Martin Hathaway - photo by Bob Meyrick

'Fire Lines' opened with a cool, funky loping feel before heading back to Cuba. This fusion approach is a fertile seam running through Loz's music, which enables the band to switch moods as they switch styles. Speaking of which, 'Mood Swings', also written by Loz, represents his attempt to capture and replicate the sounds of Cuba. With a deprecating modesty Loz joked that "everything is in the wrong place" and likened his writing of the song to the work of a lift repairman friend, who cannibalises defunct lifts to repair others. But this ‘Frankenstein’ school of composition is actually a great strength, lending the songs a unique charm in the splicing of cool, often muscular and modern jazz with the rhythms and textures of Afro-Cuban music. As a drummer myself, I had a bit of a moment with one of Simon's solos, which saw him fizz and swoop around the kit. Personally, I have my own barometer for judging a band: when any lingering drum-envy is converted to drum-awe by sheer dint of technique and imaginative flair, I know I'm in the presence of a top ensemble. Happened within the first song tonight.

Loz Speyer and Timezone - Photo by Bob Meyrick (c)

Loz Speyer and Timezone - photo by Bob Meyrick

The aptly named 'Bilingual' introduced a hip-hop flavour which segued surprisingly fluidly into a Cha-cha, and it was polyrhythms a-go-go as Loz switched from trumpet to clave and jammed along with the increasingly buoyant kit and congas. Jez Frank's guitar solo was an object lesson in eurhythmy as he gyred and jittered along to some scarifying runs. Other highlights included 'Snake Path', a swung, skippy Cuban ditty, 'Buy One Get One Free', for which the band entered more avant-garde, atonal territory recalling Roland Kirk at his more outré, 'Waiting List' which achieved an entrancing, hypnotic circularity, and 'International Dateline' featuring Loz on deadpan narration somewhere between Ian Dury and Ivor Cutler.

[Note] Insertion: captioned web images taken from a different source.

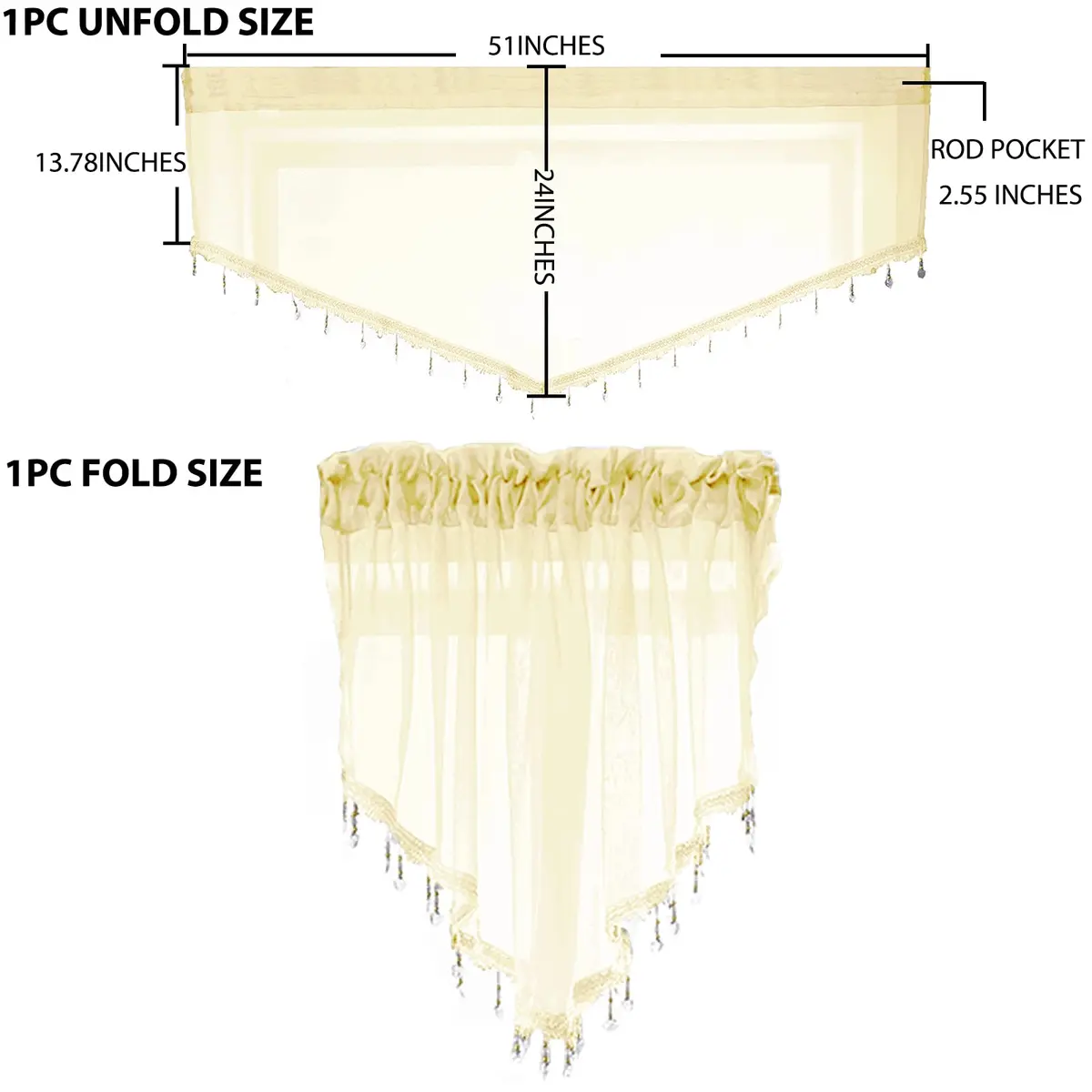 PearAge Beaded Sheer Valance Curtains 51x24 Inches | Bead Trim Tassel Voile Sheer Curtain for Living Room & Bedroom - view 2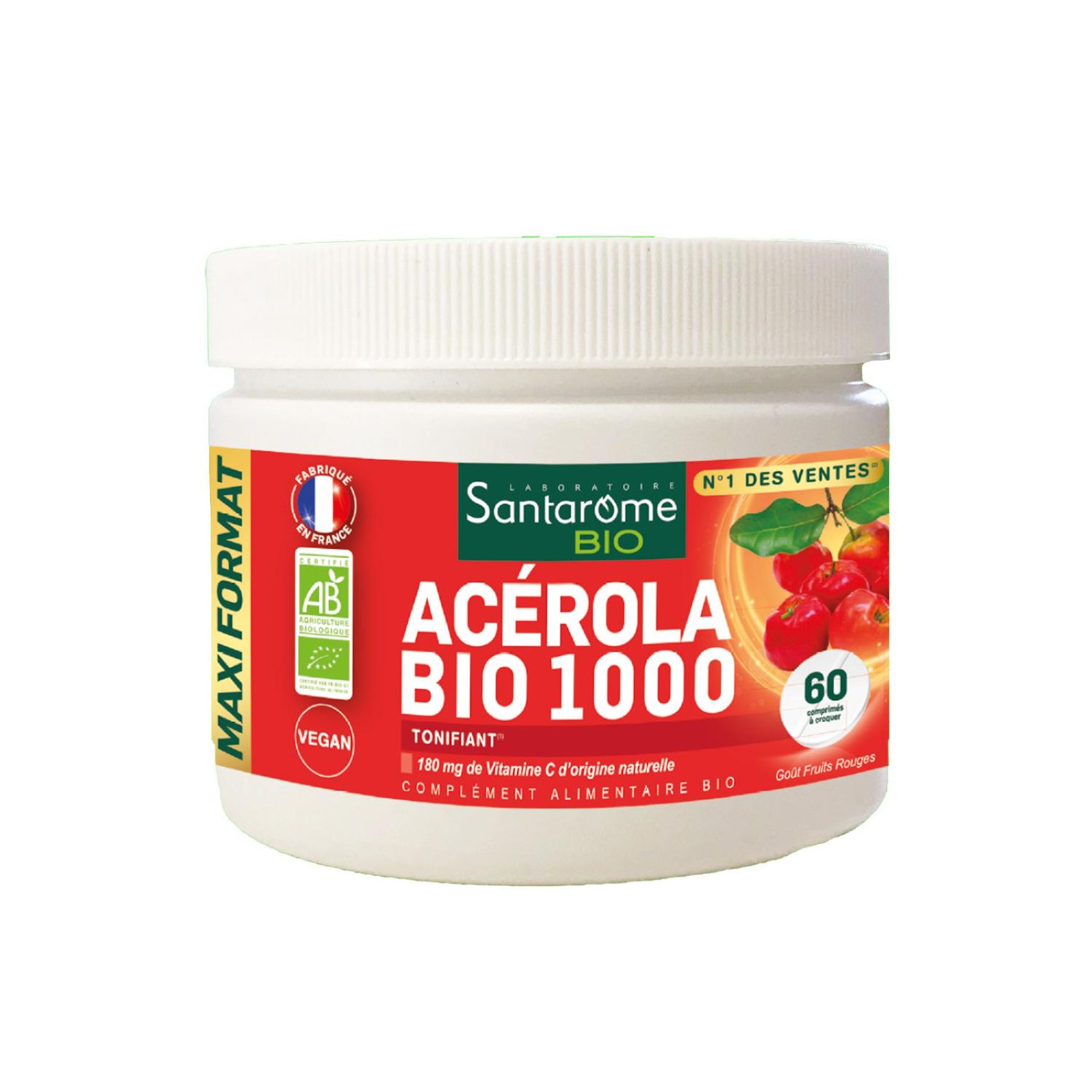 SANTAROME Complément alimentaire acérola 1000mg bio 60 comprimés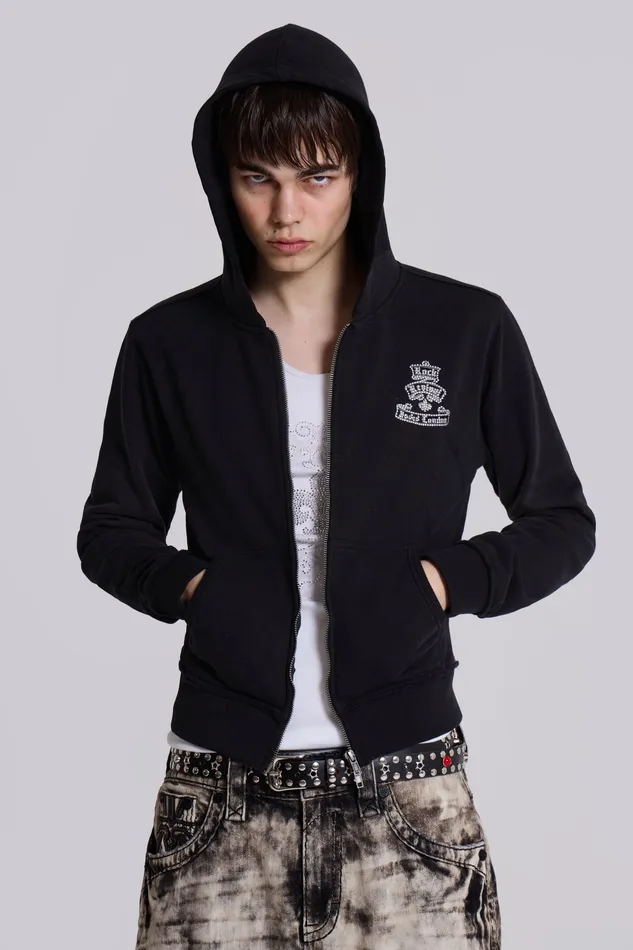 Men Jaded London Shop Rock Revival Diamante Mini Monster Hoodie Loungewear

Loz and Timezone have a deep, organic understanding of Afro-Cuban rhythms and textures, which they fuse cleverly and compellingly with the more improvisatory jazz of the US mainland. The group deftly navigate between incoherent eclecticism and the limiting 'sameyness' of staying within a single musical tradition. All in all, another delicious evening of first-order live music.

Photos courtesy of Bob Meyrick (c)

Loz Speyer & Timezone played for Jazz Steps at the Bonington Theatre in Arnold on Thrsday October 1 2009.